The first wave of attacks hit Plateau state in January after Christmas Eve bombings of churches by Islamic extremists, with the resulting tit-for-tat violence killing more than 200 people in Plateau state, according to Human Rights Watch. Then the April 16 election of a Christian president triggered attacks that killed hundreds of Christians and destroyed more than 100 church buildings, again drawing in retaliating youths from Christian families.

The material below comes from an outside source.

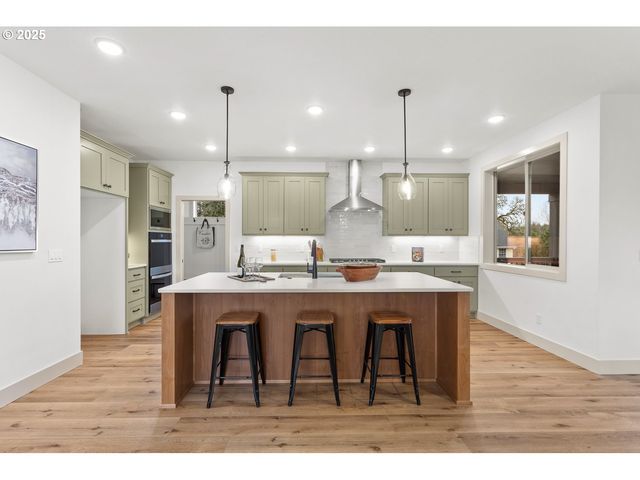 3317 Butte Dr, Forest Grove, OR 97116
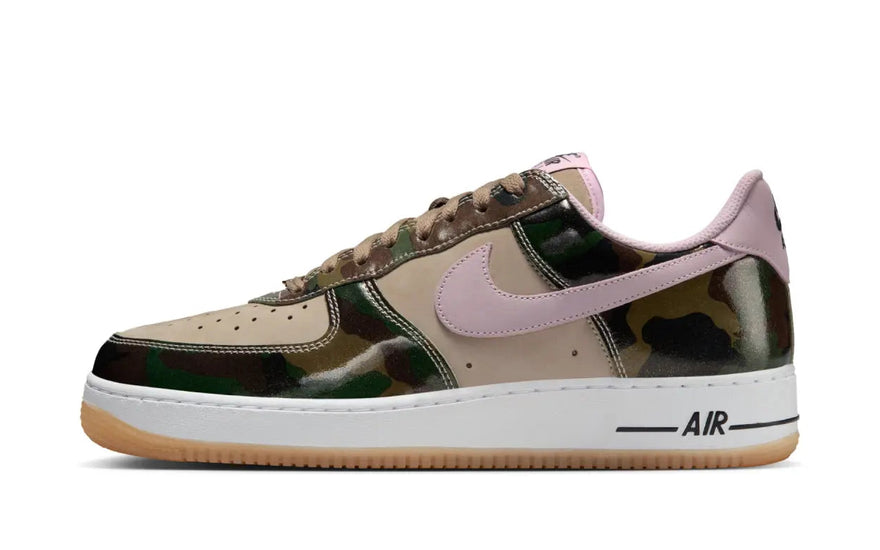 Nike Air Force 1 Low '07 LV8 Lakovaná růžová maskáčová — Lak a růžový maskáč pro výrazný vzhled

While media attention was riveted on a Boko Haram bomb blast of a U.N. building on Aug. 26 and on other attacks on government installations, Muslim extremists with the help of Nigerian army personnel killed 24 Christians in Plateau state that month with little attention from the mainstream press. Plateau Gov. Jonah Jang called for immediate withdrawal of the Nigerian Army, saying Muslim soldiers had taken sides with Islamist assailants. In September, a rash of attacks by armed Muslim extremists on villages in Plateau state left more than 100 Christians dead, and the next month Nigerian soldiers summoned to stop inter-religious fighting between Muslim and Christian youths shot and killed a Christian mother of five in the Yelwa area of Bauchi city. Boko Haram extremists on Sept. 22 killed five Christians in Niger state, and other Muslim extremists killed three Christians the previous week in the north-central state of Kaduna, including a 13-year-old girl.

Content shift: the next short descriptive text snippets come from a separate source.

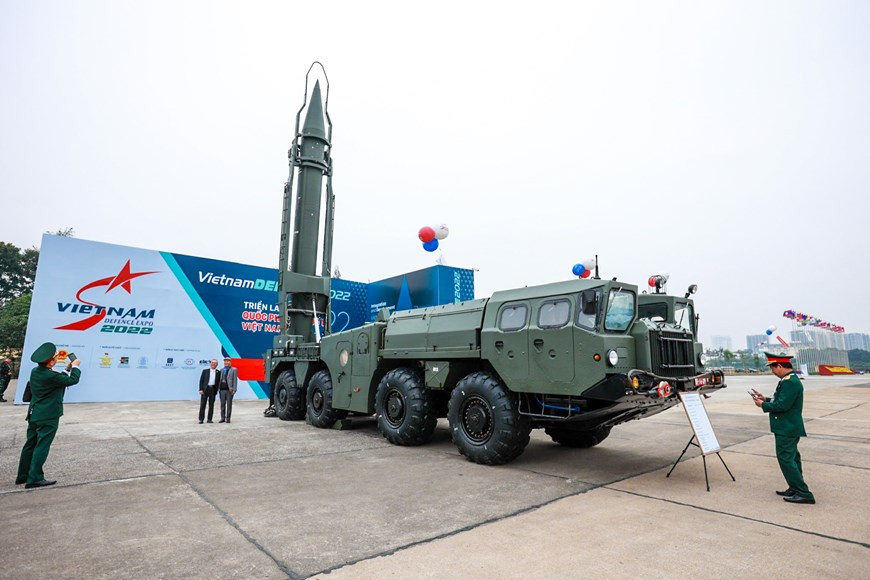 A propósito del evento de tres días en la capital de Hanoi, se organizan seminarios y foros que abordan la transformación digital y sus aplicaciones en el campo de la defensa, así como la cooperación entre Vietnam y otros países. El Comité Organizador también ha preparado un espacio cultural y otro de gastronomía, así como el área de exhibición "Economía-defensa en la era de la tecnología digital" para presentar hitos del Ejército Popular de Vietnam en cada período de la historia asociado con el desarrollo socioeconómico. En la foto: Misil tierra-tierra R-17E con una longitud de 11,164 mm, un alcance de hasta 300 km. (Foto: Nguyen Hai/Vietnam+)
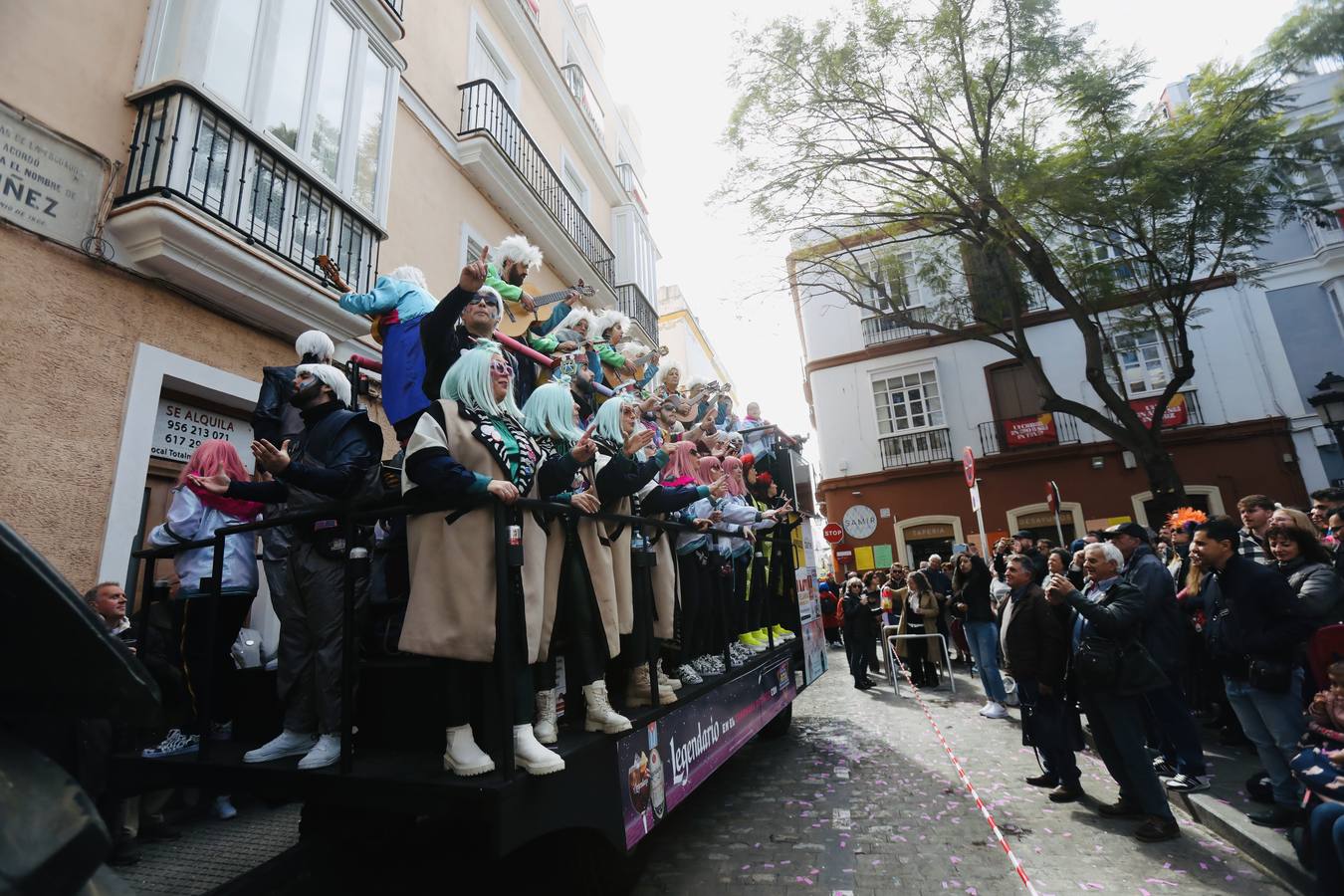 Fotos: Cádiz apura la fiesta pese a los chubascos del sábado de Carnaval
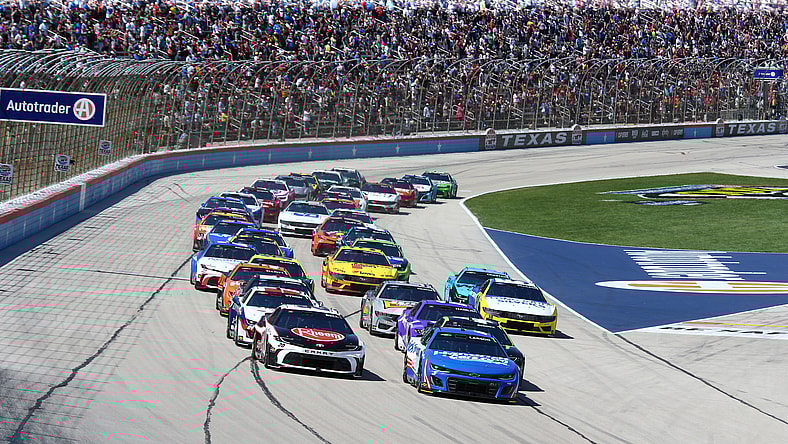 NASCAR: Autotrader EchoPark Automotive 400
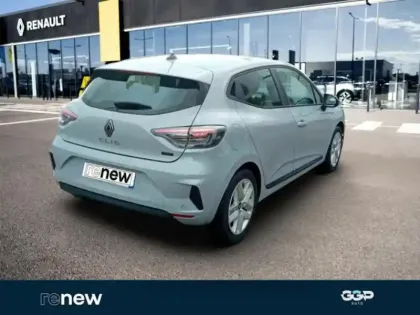 Photo 5 Renault Clio  1.6 E-Tech 145ch full hybrid Evolution - 25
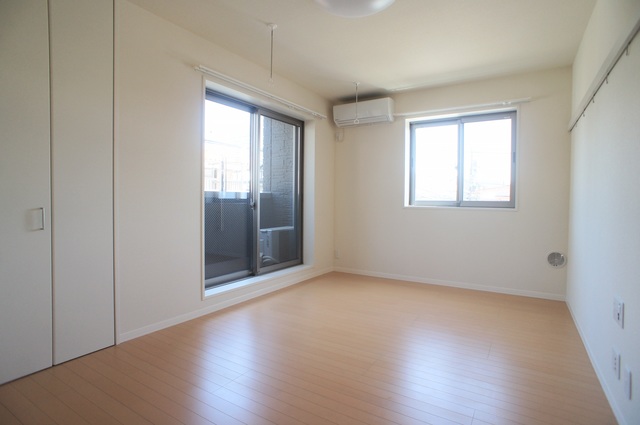 居室・リビング　人気の角部屋・２面採光！明るく風通しの良いお部屋です♪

In November, 200 members of Boko Haram stormed Damaturu, Yobe state, killing some 150 people – at least 130 of them Christians, according to church sources. The destruction included the bombing of at least 10 church buildings. Later in the month, Fulani Muslim herdsmen along with Muslim soldiers killed at least 45 ethnic Berom Christians in Plateau state. Smaller attacks beginning on Nov. 20, reportedly over allegations by Fulani Muslims of cattle theft, preceded an attack on a Barkin Ladi church on Nov. 23 that killed four Christians, and an assault the next day left 35 Christians dead in Barkin Ladi and nearby Kwok village. The attacks began Nov. 20 with the killing of three Christians outside Barkin Ladi, and then two Christians in the town were killed on Nov. 21. The next day, a Christian was beheaded in town behind a popular hotel known as the White House.
A Christmas Day suicide bomb attack by Boko Haram on St. Theresa’s Catholic Church, outside the Nigerian capital of Abuja in Madalla, left at least 45 people dead and 73 others injured. Three of the 45 confirmed dead were policemen on guard duty at the time of the attack, and most of the rest were parishioners.

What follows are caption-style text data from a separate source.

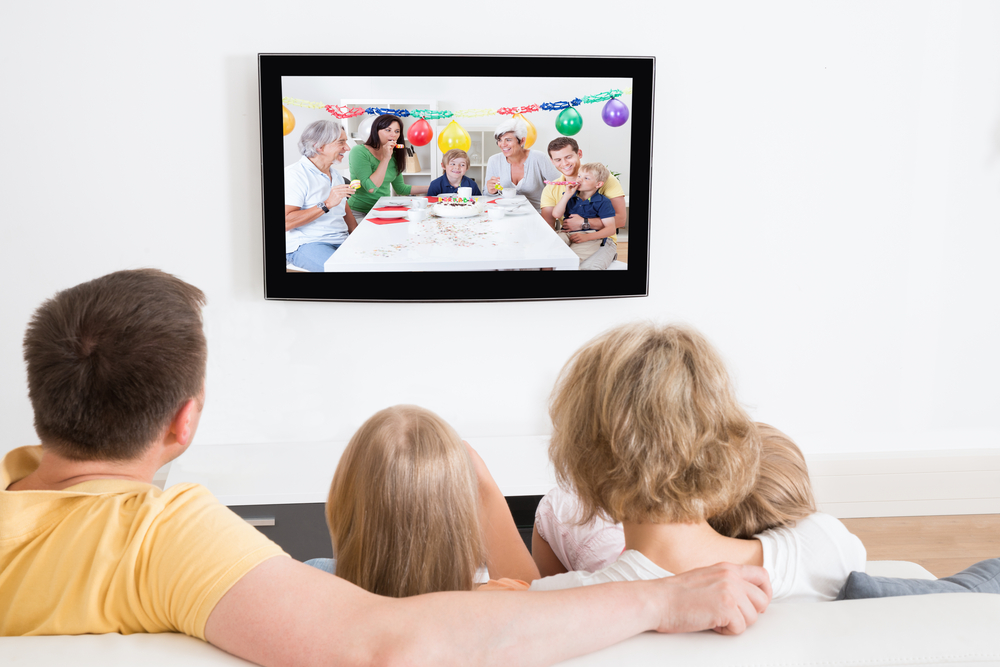 Gia đình xem tivi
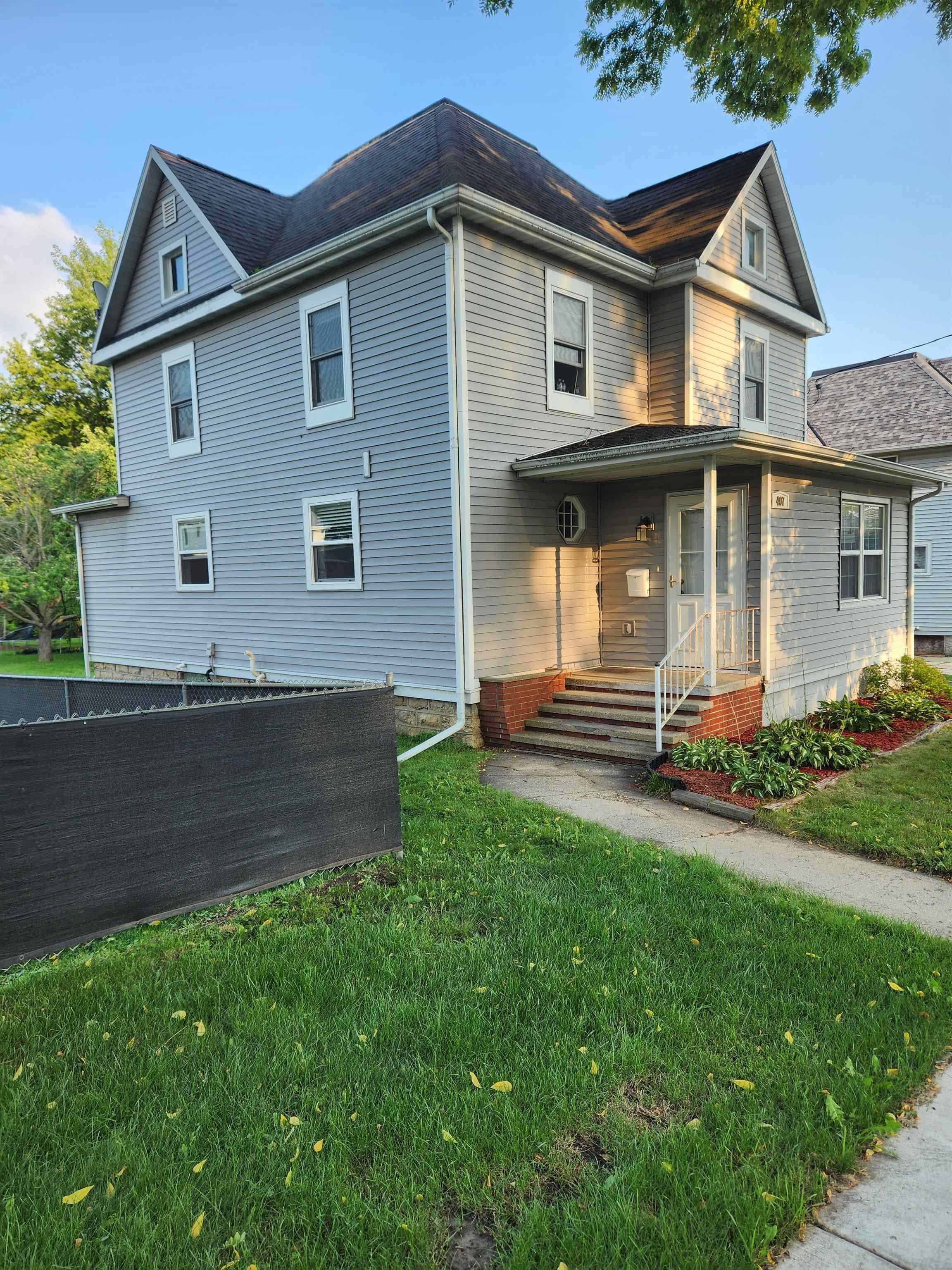 407 S Lincoln Avenue Property Photo 1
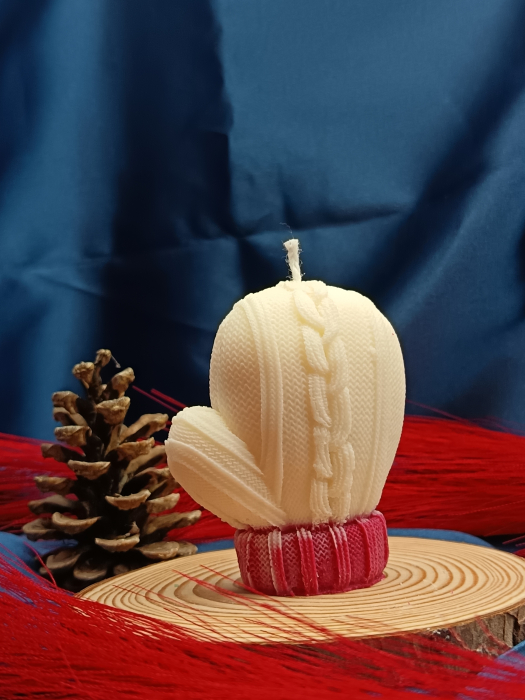 lumanare-parfumata-manusa-de-craciun-handmade-60g.jpg [3]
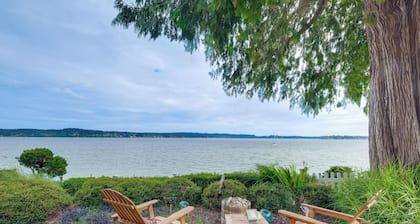 Bremerton Studio w/ Bay View: Beach Access!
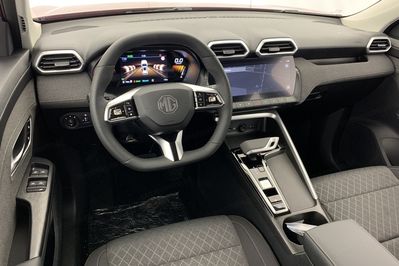 MG ZS Excite 1.5 Hybrid+ AT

On Dec. 31, President Goodluck Jonathan declared areas of Borno, Plateau, Yobe and Niger states to be under a state of emergency due to the Boko Haram attacks.
2 – Christian member of Cabinet in Pakistan gunned down
Unidentified gunmen in Islamabad on March 2 shot dead Federal Minister for Minority Affairs Shahbaz Bhatti, then Pakistan’s only cabinet-level Christian and an outspoken critic of the country’s widely condemned “blasphemy” laws. Suspected Islamic extremists from Pakistan’s Taliban and al Qaeda left a letter at the scene saying those who try to change Pakistan’s blasphemy laws would be killed. The murder came two months after Punjab Gov. Salman Taseer was killed by his bodyguard for supporting Asia Noreen (also known as Asia Bibi), the first Christian woman sentenced to death in Pakistan on blasphemy charges.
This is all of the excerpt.